Avec l’arrêt de la cour de Bordeaux du 3 février 2011 et le « burn-out psychologique » de la cadre supposée harceleuse, la boucle infernale est bouclée : « L’état de choc émotionnel violent de Mme X., auteur supposée de faits de harcèlement moral, qui s’est déclenché à partir du moment où son supérieur lui a demandé de quitter son poste et de rentrer chez elle, aggravant ainsi une dépression nerveuse déjà ­latente, caractérise un accident du travail. »

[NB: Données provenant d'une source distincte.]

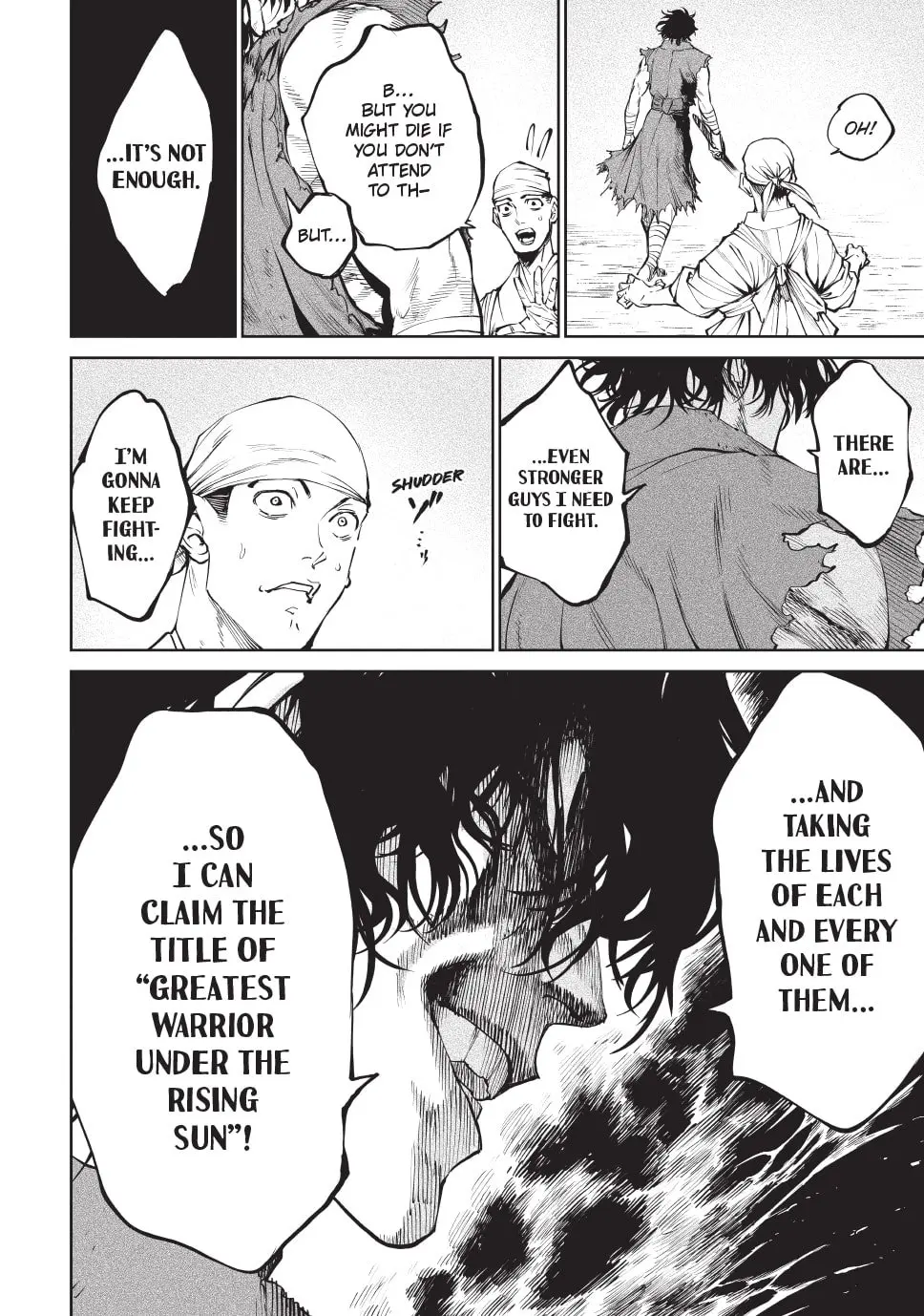 Tenkaichi Nihon Saikyo Bugeisha Ketteisen, chapter 7, page 8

Harcèlement sexuel puis moral, violence au travail, violence morale à l’égard du conjoint… Tous les problèmes de la vie de l’entreprise, d’un couple et d’une famille vont pouvoir se régler au commissariat, et avec un peu de chance devant le tribunal correctionnel ! Enfant, parent, conjoint, salarié, employeur, collègue, subordonné : chacun pourra porter plainte contre tout le monde, dans la « société » d’individus vindicatifs et procéduriers que nous sommes en train de construire.

FLASH
Harcèlement sexuel : en dehors de l’entreprise, une collègue reste une collègue

Un manager peut-il se voir reprocher une faute disciplinaire s’il harcèle une collaboratrice en dehors des temps et lieu de travail ? Sur MSN ou pendant des soirées, un superviseur poursuit de ses lourdes assiduités deux standardistes : « Les propos à caractère sexuel et les attitudes déplacées du salarié à l’égard de personnes avec lesquelles il était en contact en raison de son travail ne relevaient pas de sa vie personnelle. » (CS, 19 octobre 2011.)

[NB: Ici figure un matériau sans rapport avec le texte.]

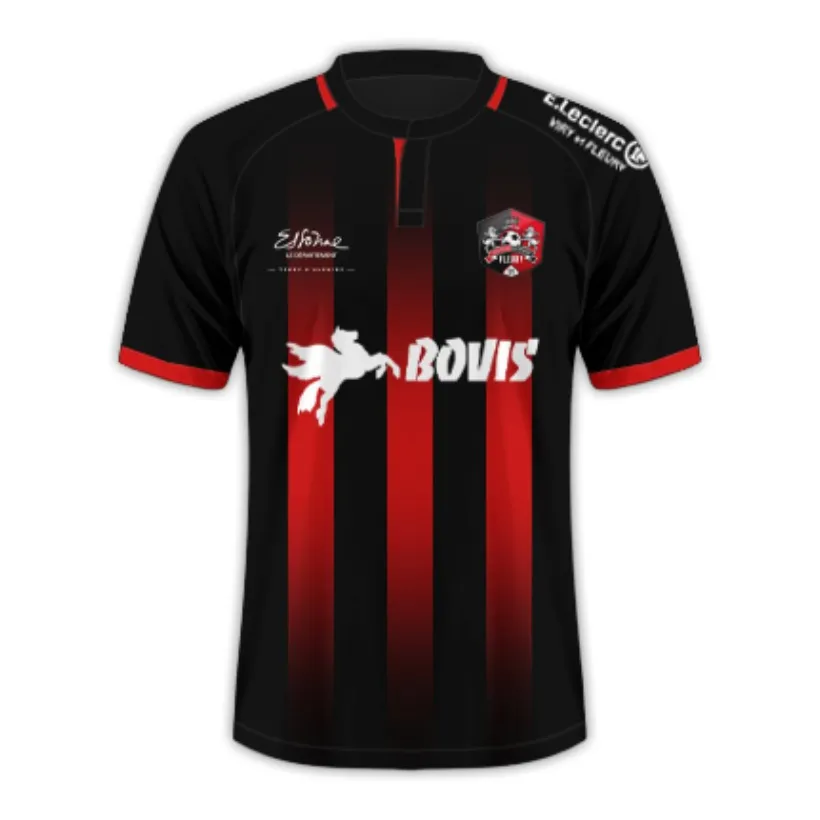 FC Fleury 91 2020-21 Home Kit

Le directeur d’une agence bancaire fixe un dîner de travail à une collaboratrice dans un hôtel-restaurant. Mais ce dernier est plein : il faut monter dans une chambre, ce qu’elle accepte. Propositions de nature sexuelle, et licenciement pour faute grave : « Le fait pour un salarié d’abuser de son pouvoir hiérarchique dans le but d’obtenir des faveurs sexuelles constitue un harcèlement sexuel, même si les agissements ont lieu en dehors du temps et du lieu de travail. » (CS, 11 janvier 2012.)

Sondage express, dans un amphithéâtre de la Sorbonne, auprès de 250 étudiantes de maîtrise : « Qu’auriez-vous fait ? » Six seraient montées dans la chambre, 244 « bien sûr que non », avec des remarques du genre « je me casse, pauv’c… ».